Task input Start Marker

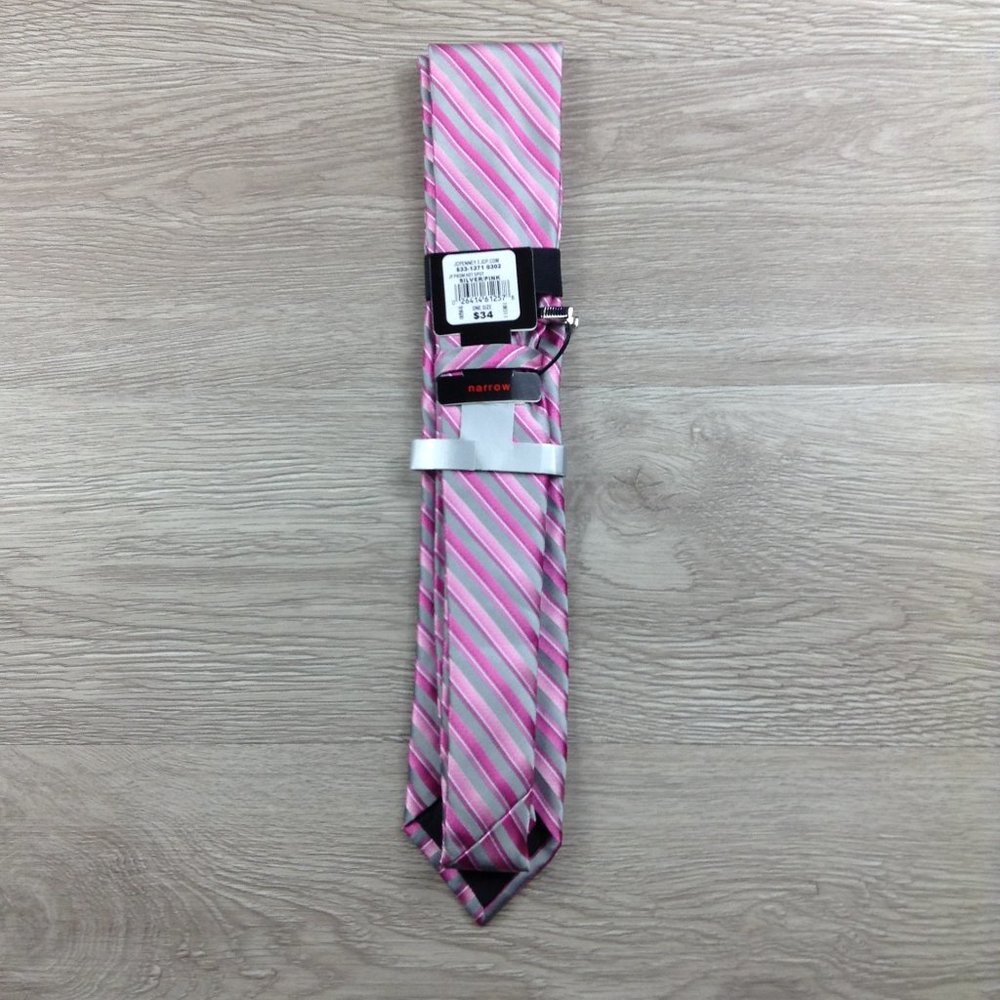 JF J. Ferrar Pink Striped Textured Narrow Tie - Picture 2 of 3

Task input End Marker
Task input Start Marker

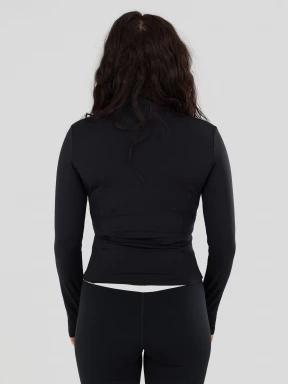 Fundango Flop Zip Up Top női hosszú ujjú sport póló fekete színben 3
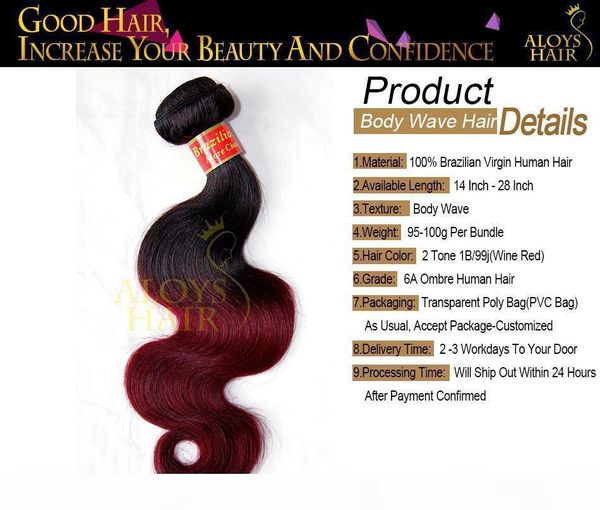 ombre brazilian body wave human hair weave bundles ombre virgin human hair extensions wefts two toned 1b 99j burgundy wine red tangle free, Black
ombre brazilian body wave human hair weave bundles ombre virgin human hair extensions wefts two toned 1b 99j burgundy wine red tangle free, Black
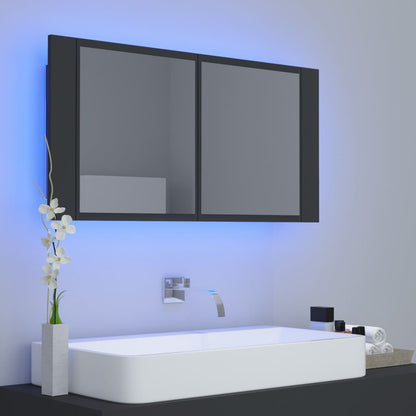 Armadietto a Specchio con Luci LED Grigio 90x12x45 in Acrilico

Task input End Marker

#### Task to complete
From the listing above, please give again the lines that begin with the line holding "Fundango Flop Zip" and go on through the line holding "Armadietto a Specchio", exactly, both ends included, minus any picture.

#### Problem solution
 Fundango Flop Zip Up Top női hosszú ujjú sport póló fekete színben 3
 ombre brazilian body wave human hair weave bundles ombre virgin human hair extensions wefts two toned 1b 99j burgundy wine red tangle free, Black
ombre brazilian body wave human hair weave bundles ombre virgin human hair extensions wefts two toned 1b 99j burgundy wine red tangle free, Black
 Armadietto a Specchio con Luci LED Grigio 90x12x45 in Acrilico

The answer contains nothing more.